-------- Records --------

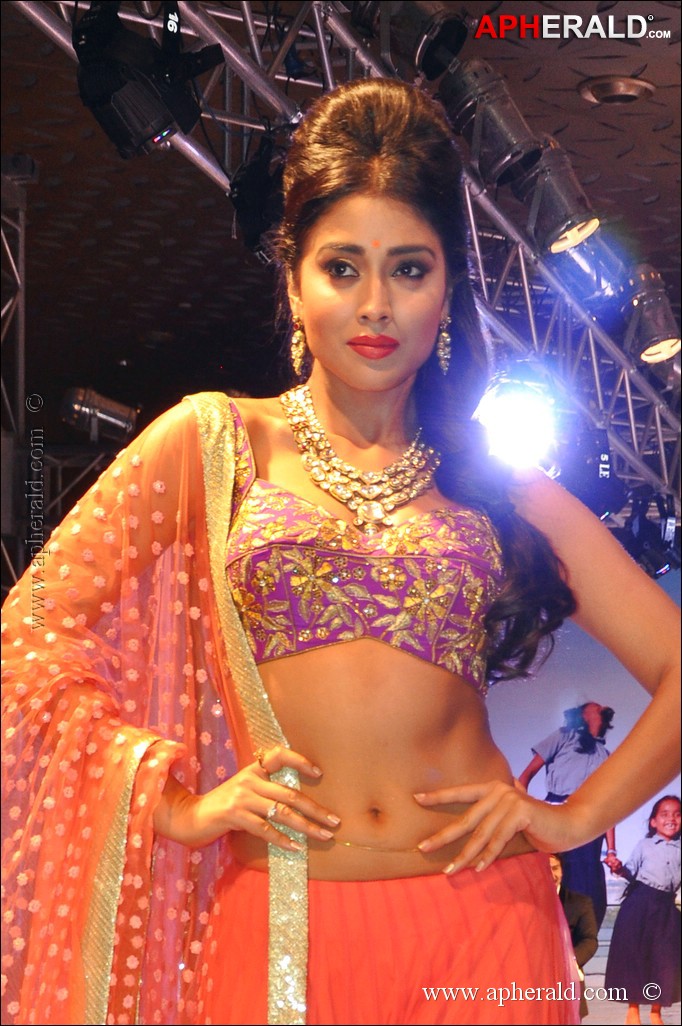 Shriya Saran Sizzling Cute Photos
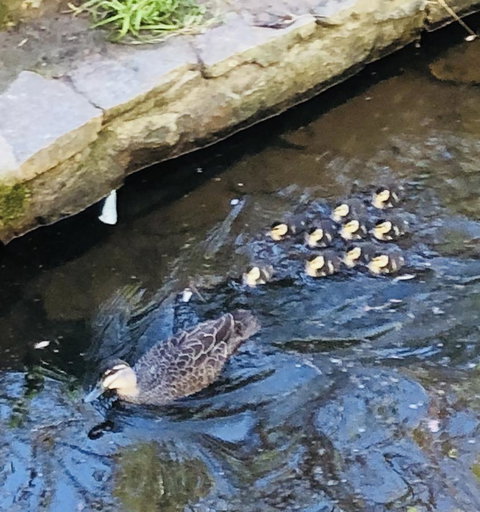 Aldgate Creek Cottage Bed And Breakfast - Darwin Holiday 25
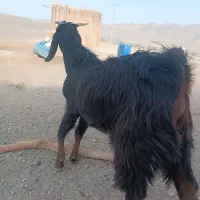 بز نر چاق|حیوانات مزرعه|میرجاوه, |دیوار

--------
-------- Records --------

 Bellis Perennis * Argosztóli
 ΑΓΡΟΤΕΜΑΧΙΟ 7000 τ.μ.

--------

Directions for this task = Of the entries above, repeat exactly the lines from the line with "Bellis Perennis * Argosztóli" through the line with "ΑΓΡΟΤΕΜΑΧΙΟ 7000 τ.μ.", both of them included.

Solution =
 Bellis Perennis * Argosztóli
 ΑΓΡΟΤΕΜΑΧΙΟ 7000 τ.μ.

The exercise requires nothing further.